▸ What the exercise asks: Begin with the line below holding "3 qt. Saute" and go on through the line holding "F.R.A. Brida sin", duplicating each line exactly and leaving out pictures.

▸ Provided records:
>>>
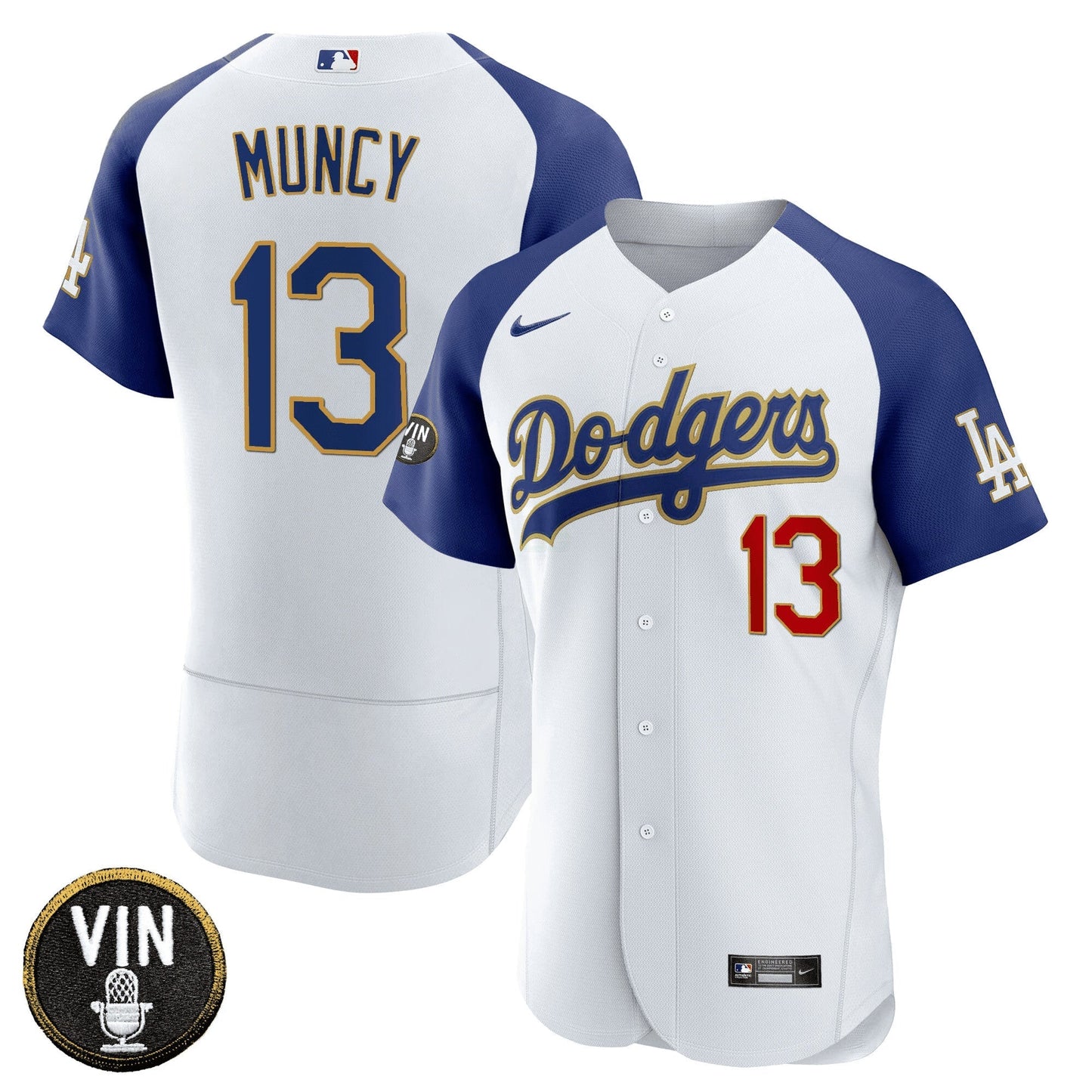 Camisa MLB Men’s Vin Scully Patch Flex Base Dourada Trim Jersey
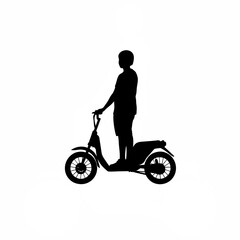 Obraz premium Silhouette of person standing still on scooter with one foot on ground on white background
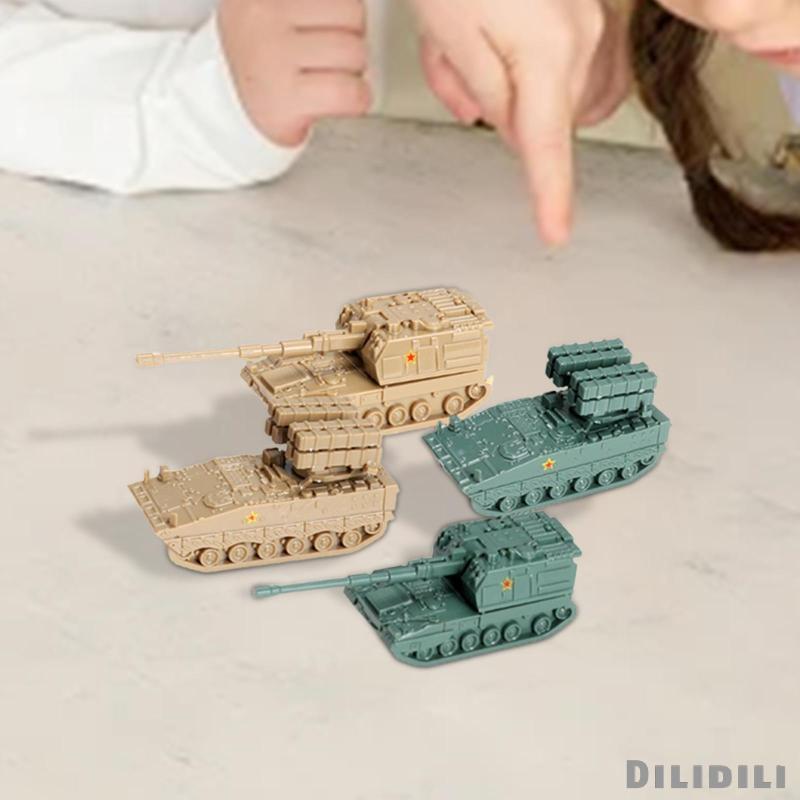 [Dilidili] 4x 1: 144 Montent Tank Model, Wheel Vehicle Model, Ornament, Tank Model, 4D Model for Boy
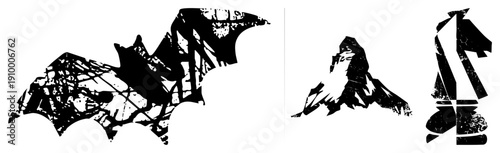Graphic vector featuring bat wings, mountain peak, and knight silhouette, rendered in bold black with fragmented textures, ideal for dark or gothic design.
<<<
>>>
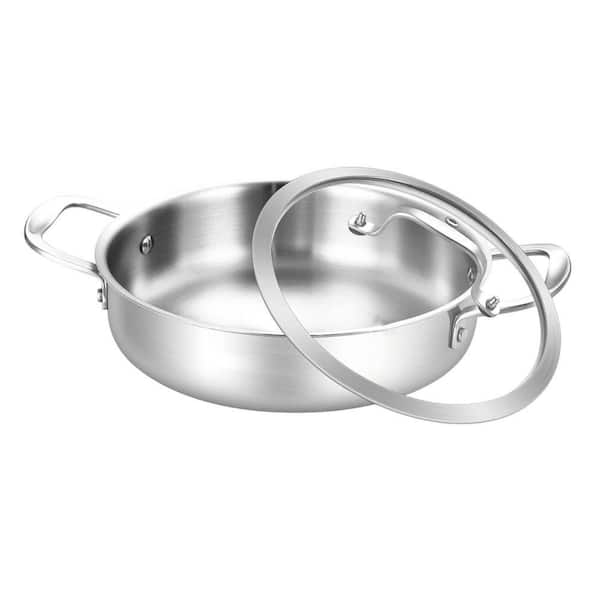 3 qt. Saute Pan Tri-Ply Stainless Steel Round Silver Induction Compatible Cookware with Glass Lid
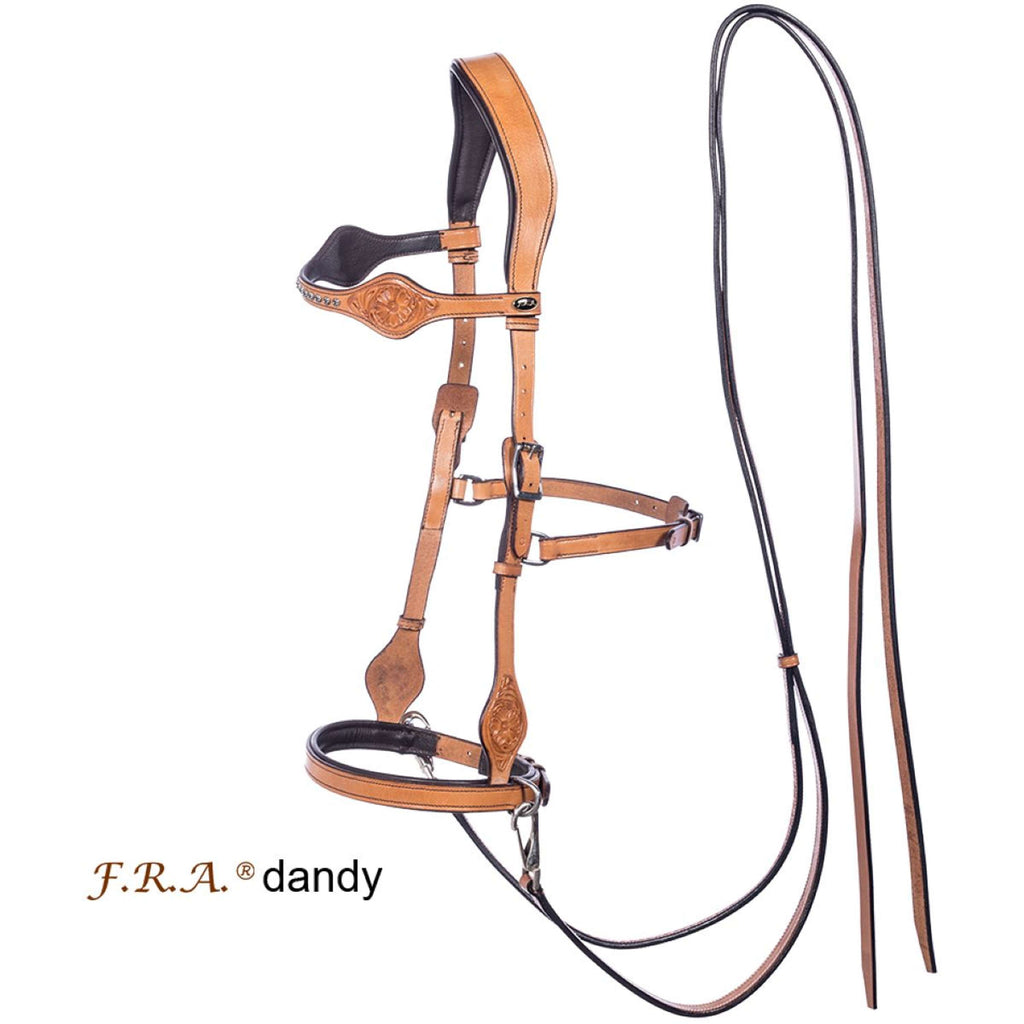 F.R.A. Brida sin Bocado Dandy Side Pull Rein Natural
<<<
▸ Result of the task:
 3 qt. Saute Pan Tri-Ply Stainless Steel Round Silver Induction Compatible Cookware with Glass Lid
 F.R.A. Brida sin Bocado Dandy Side Pull Rein Natural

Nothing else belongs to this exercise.